WHAT THIS TASK INVOLVES: Write out only the lines from the line that holds "ChemSpider 2D Image" to the end of the listing below, inclusive, with the pictures omitted.

◇ ◇ ◇ ◇

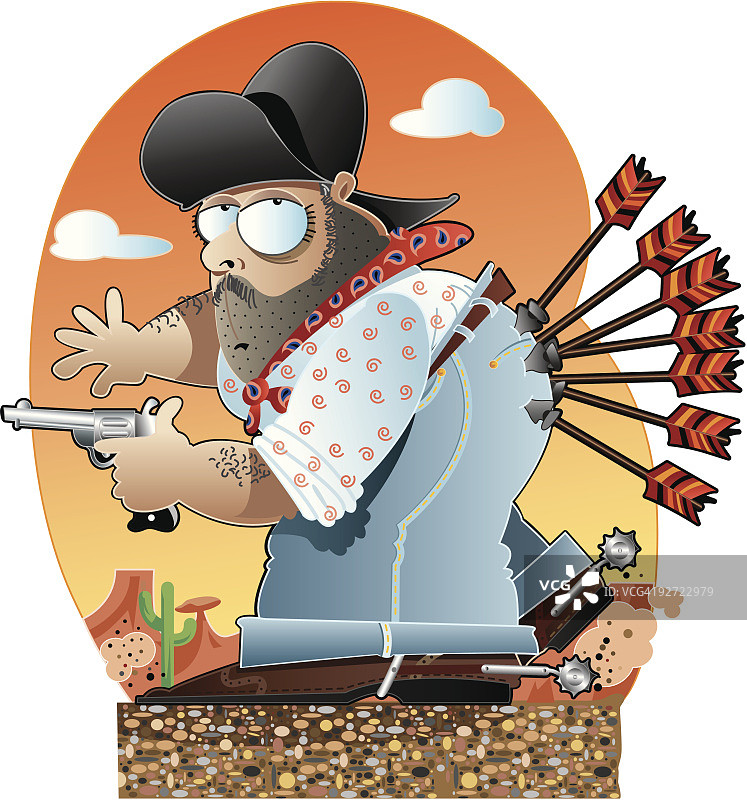 被伏击的牛仔图片素材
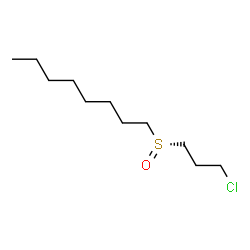 ChemSpider 2D Image | 1-[(3-Chloropropyl)sulfinyl]octane | C11H23ClOS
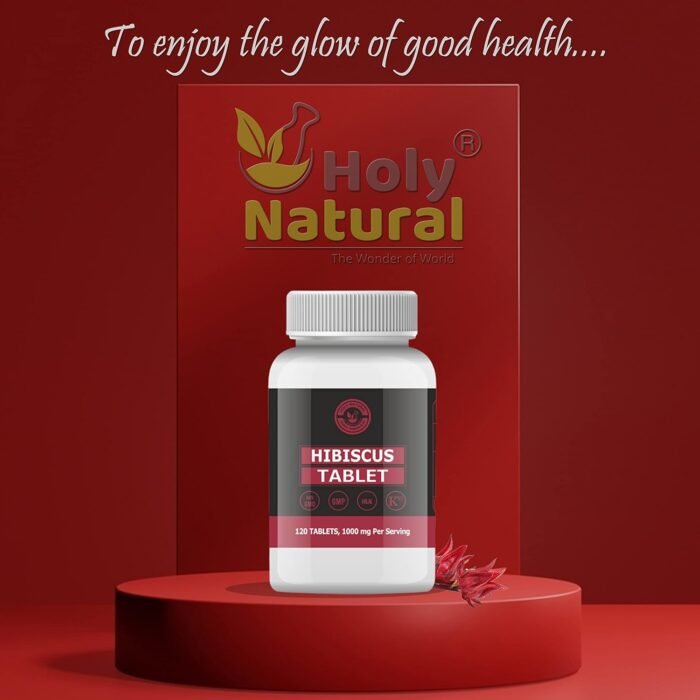 Holy Natural Hibiscus Tablet – 120 Tablet – Dietary Supplement and 1000mg Per Serving. - Image 9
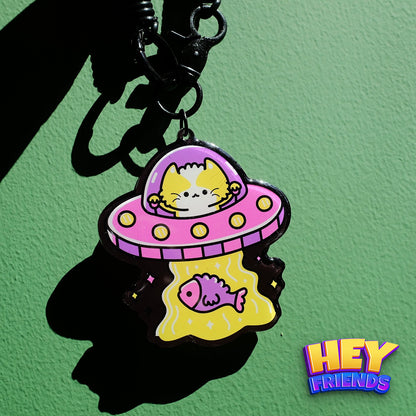 "UFO Cat" KeyRing KeyChain Decor Pendant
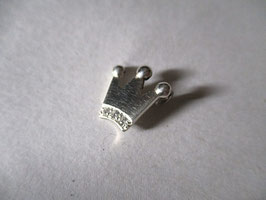 Pendant crown silver and zircons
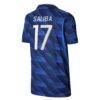 William Saliba France National Team Nike Youth 2026 Home Match Authentic Jersey - Blue - Detail View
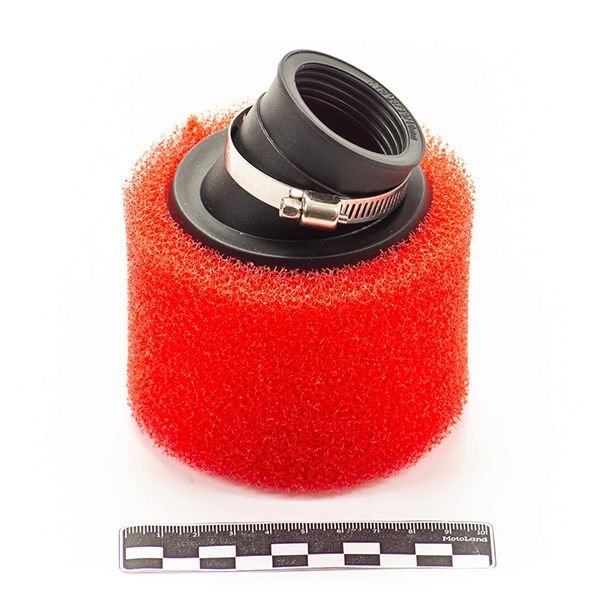 Фильтр воздушный нулевик #2 (D=38MM) красный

◇ ◇ ◇ ◇

EXERCISE OUTPUT:
 ChemSpider 2D Image | 1-[(3-Chloropropyl)sulfinyl]octane | C11H23ClOS
 Holy Natural Hibiscus Tablet – 120 Tablet – Dietary Supplement and 1000mg Per Serving. - Image 9
 "UFO Cat" KeyRing KeyChain Decor Pendant
 Pendant crown silver and zircons
 William Saliba France National Team Nike Youth 2026 Home Match Authentic Jersey - Blue - Detail View
 Фильтр воздушный нулевик #2 (D=38MM) красный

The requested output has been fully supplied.